INPUT FOR THIS TASK: Begin

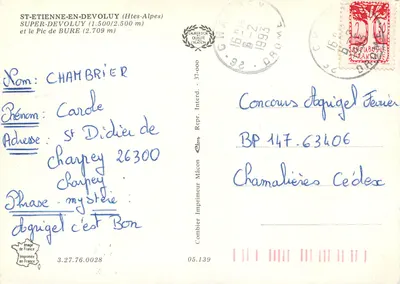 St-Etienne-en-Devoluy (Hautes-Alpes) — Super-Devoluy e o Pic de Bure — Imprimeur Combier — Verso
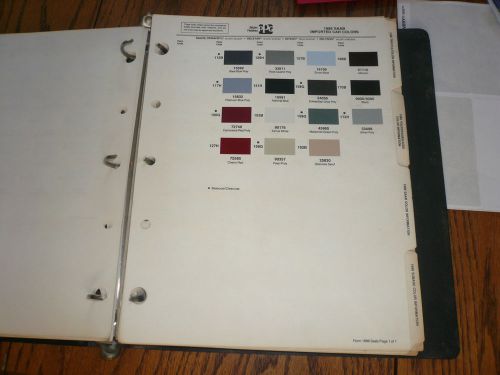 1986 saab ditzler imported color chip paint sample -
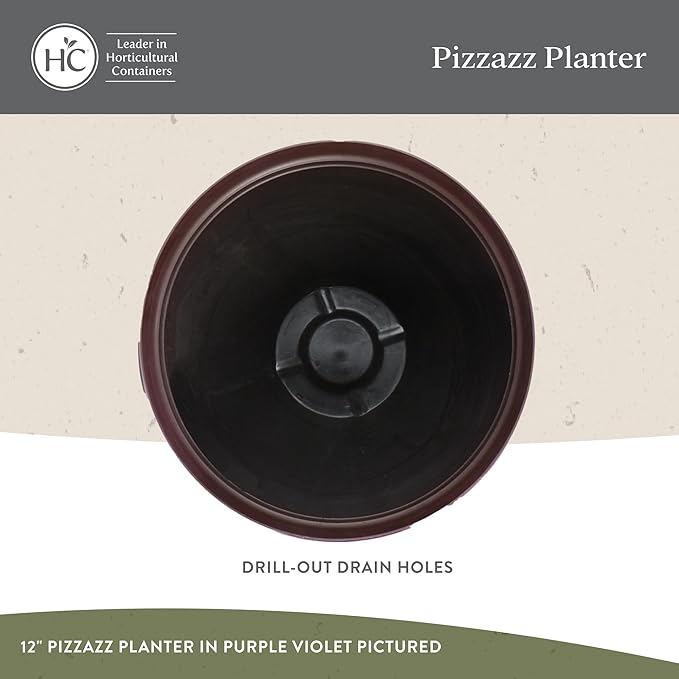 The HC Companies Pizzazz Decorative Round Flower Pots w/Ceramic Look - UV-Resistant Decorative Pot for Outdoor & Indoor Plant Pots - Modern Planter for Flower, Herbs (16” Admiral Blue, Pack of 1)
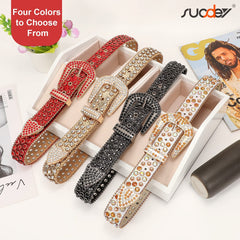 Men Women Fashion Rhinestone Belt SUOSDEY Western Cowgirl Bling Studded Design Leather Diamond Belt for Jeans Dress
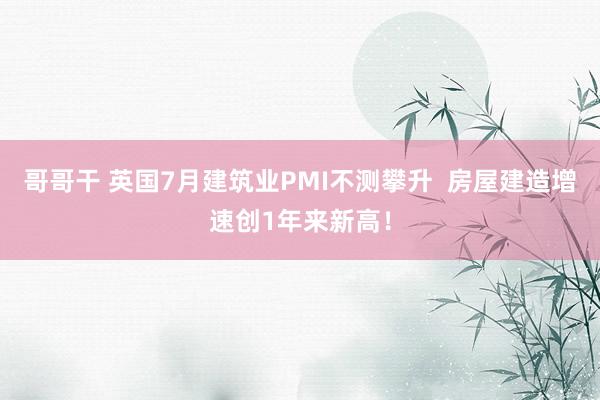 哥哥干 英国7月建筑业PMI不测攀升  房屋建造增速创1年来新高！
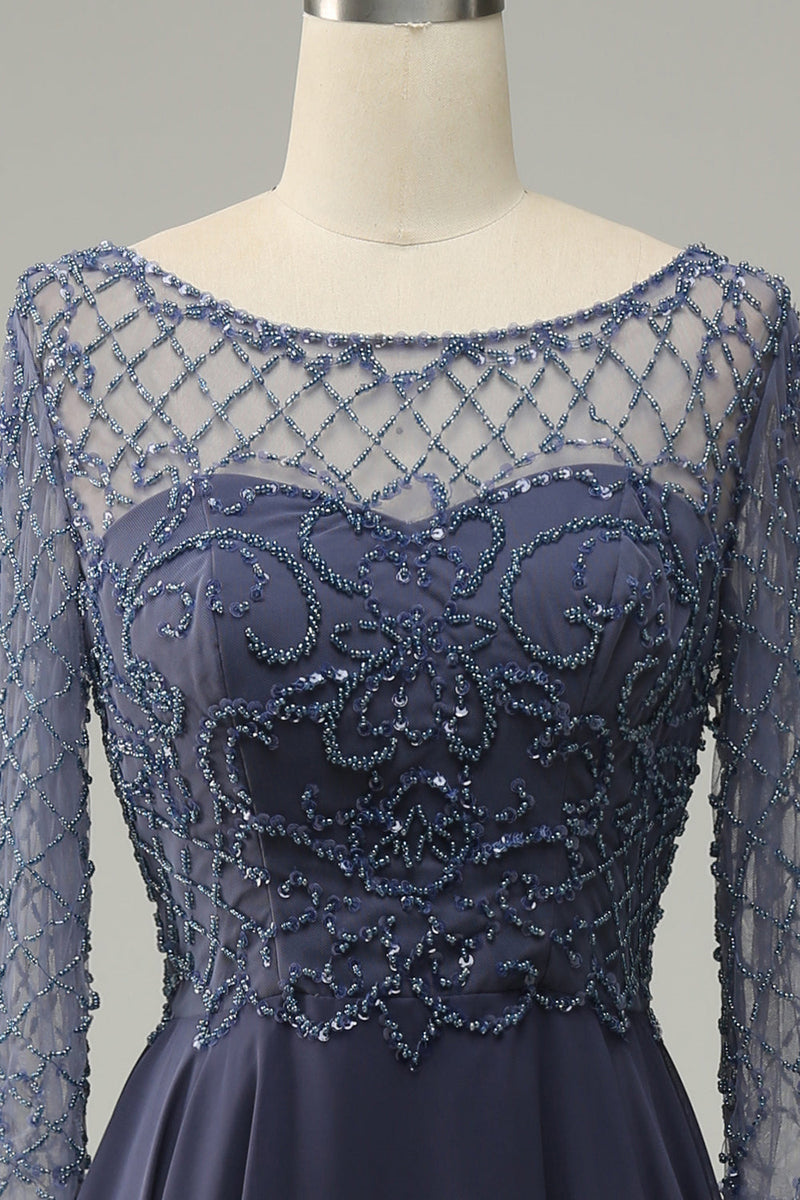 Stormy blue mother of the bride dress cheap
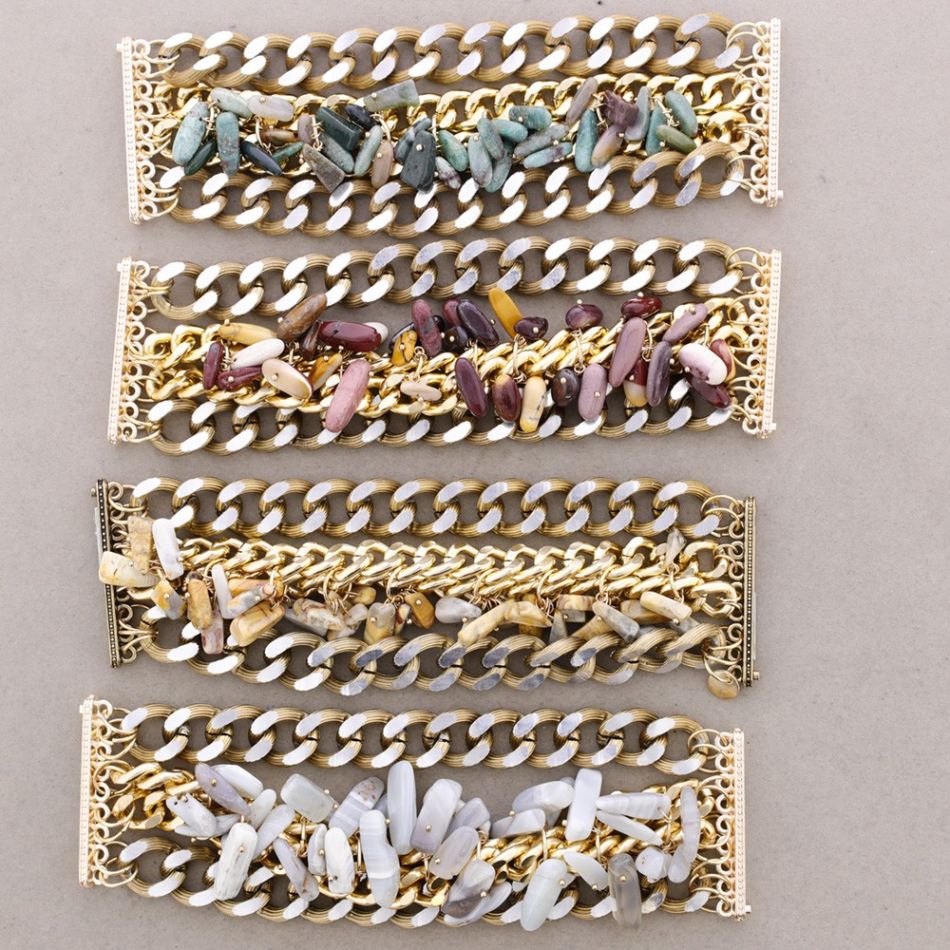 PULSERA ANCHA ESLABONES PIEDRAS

INPUT FOR THIS TASK: End
INPUT FOR THIS TASK: Begin

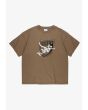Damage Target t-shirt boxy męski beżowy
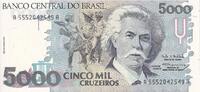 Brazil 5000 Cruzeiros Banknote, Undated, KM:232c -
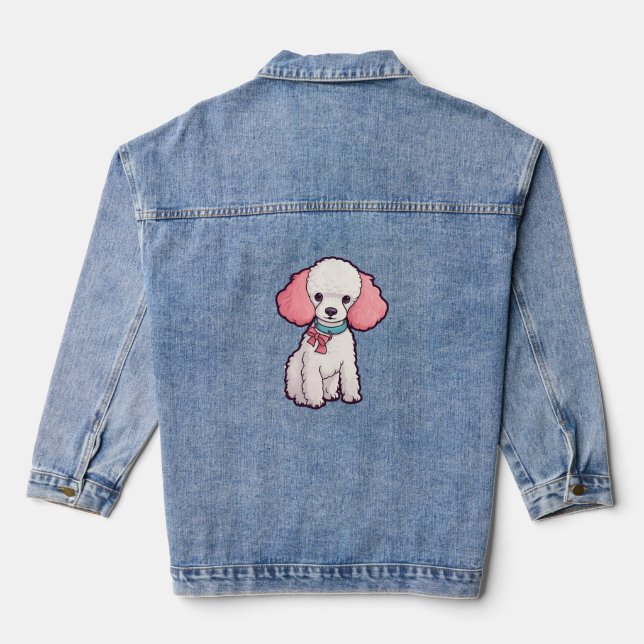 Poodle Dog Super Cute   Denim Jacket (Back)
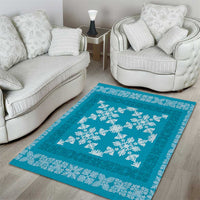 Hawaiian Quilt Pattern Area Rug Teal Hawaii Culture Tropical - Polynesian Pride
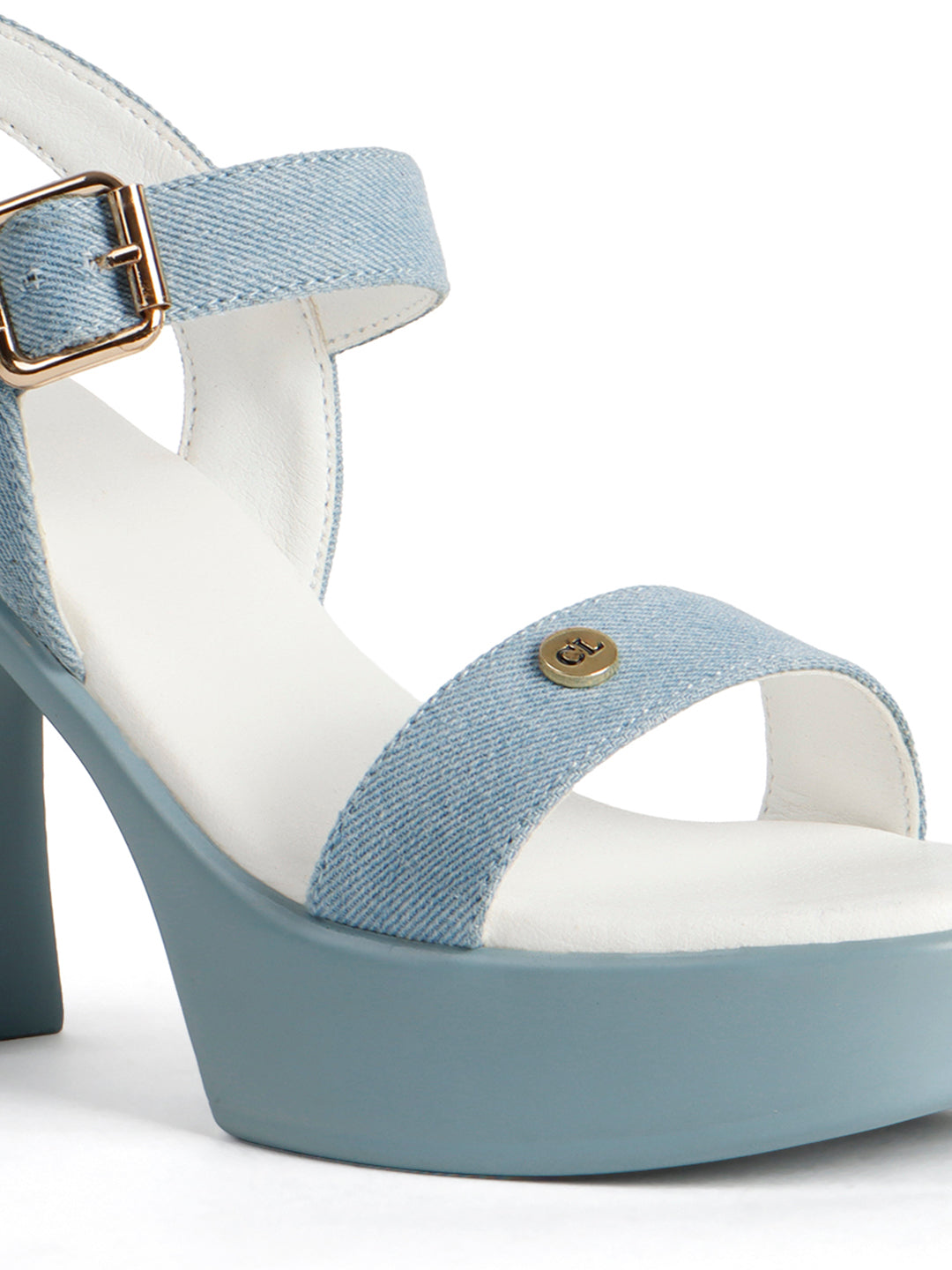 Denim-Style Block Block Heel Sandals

INPUT FOR THIS TASK: End
INPUT FOR THIS TASK: Begin

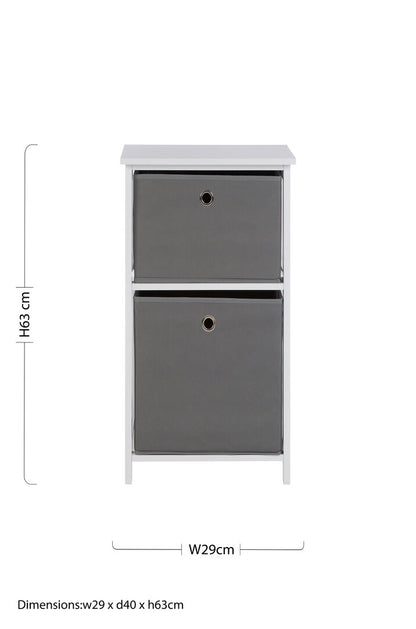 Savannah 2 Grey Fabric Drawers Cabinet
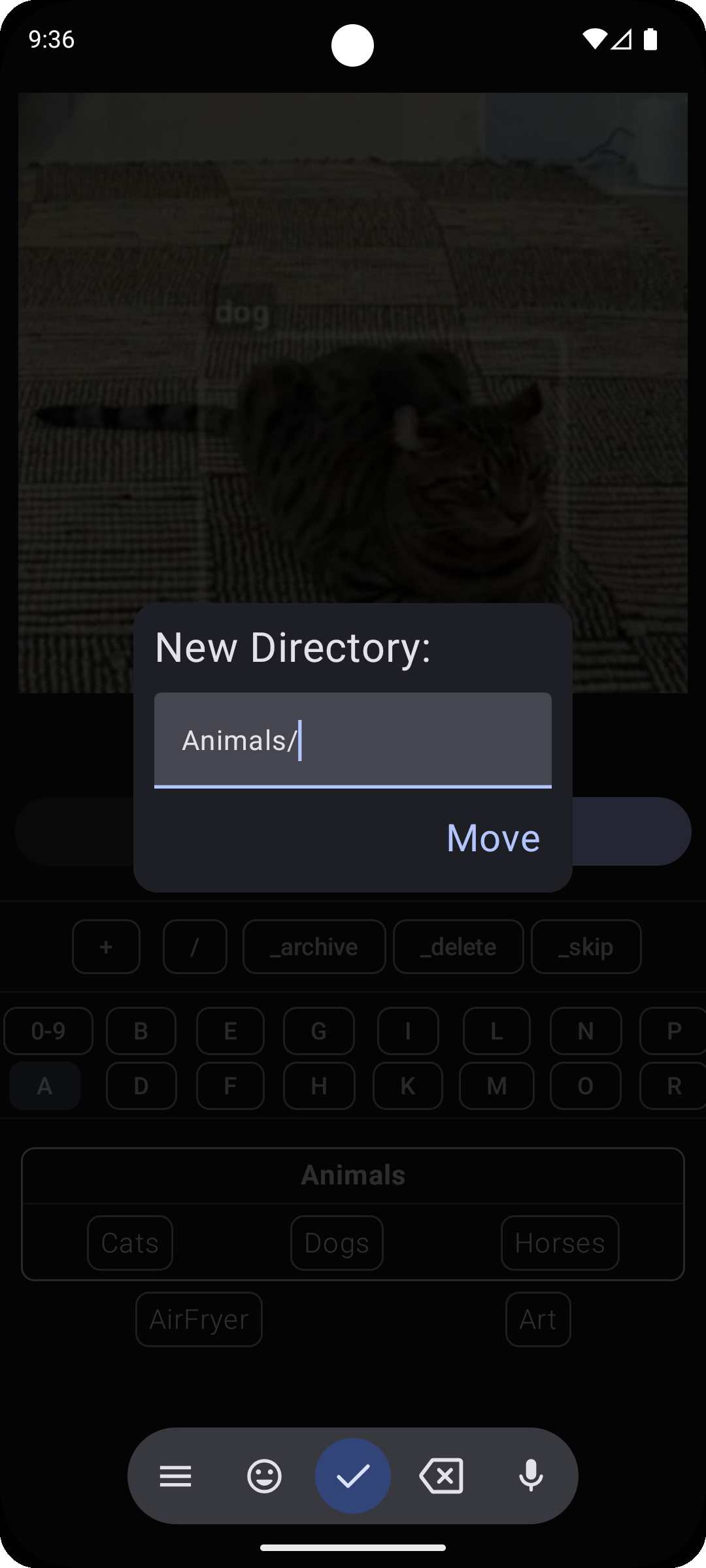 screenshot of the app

INPUT FOR THIS TASK: End

_ACTIVITY_: Make an exact copy of the lines above, beginning with the line with "Savannah 2 Grey Fabric Drawers Cabinet" and ending with the line with "screenshot of the app", and keep the pictures out of it.

_RESPONSE FOR THIS EXERCISE_:
 Savannah 2 Grey Fabric Drawers Cabinet
 screenshot of the app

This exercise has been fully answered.